◆ **SUPPLIED INFORMATION**:
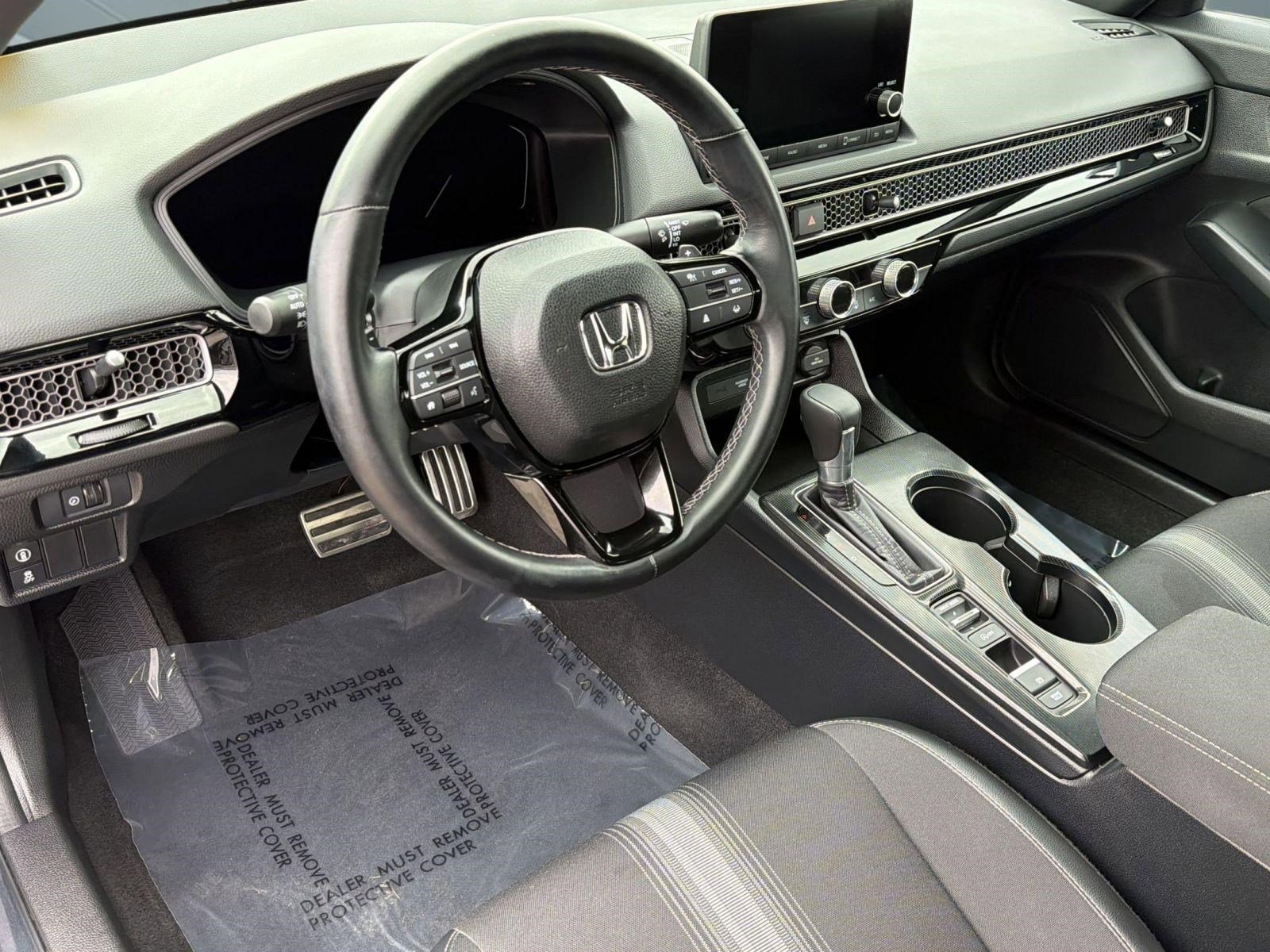 Used 2024 Honda Civic Sport image 4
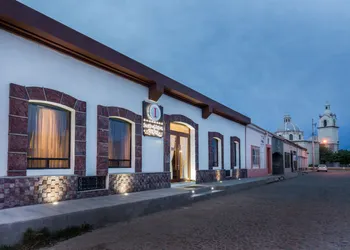 Hotel Industria hotel thumbnail 3
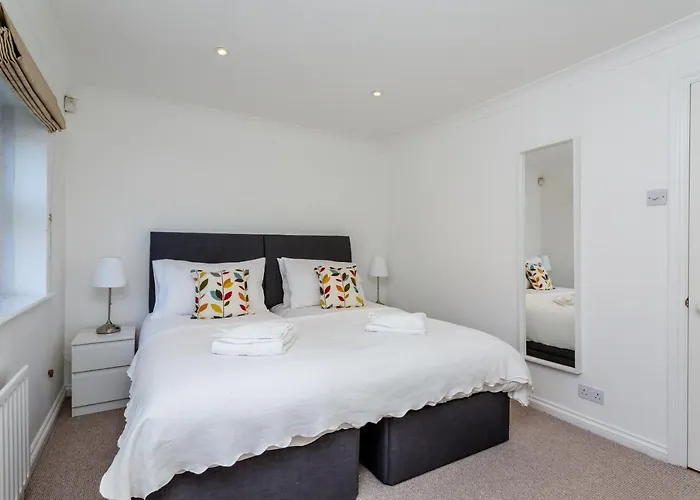 Modern Mews House With Free Parking Space, And Patio By Huluki Sussex Stays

◆ **TASK OBJECTIVE**:
Copy each line of the listing exactly, skipping any picture.

◆ **RESPONSE**:
 Used 2024 Honda Civic Sport image 4
 Hotel Industria hotel thumbnail 3
 Modern Mews House With Free Parking Space, And Patio By Huluki Sussex Stays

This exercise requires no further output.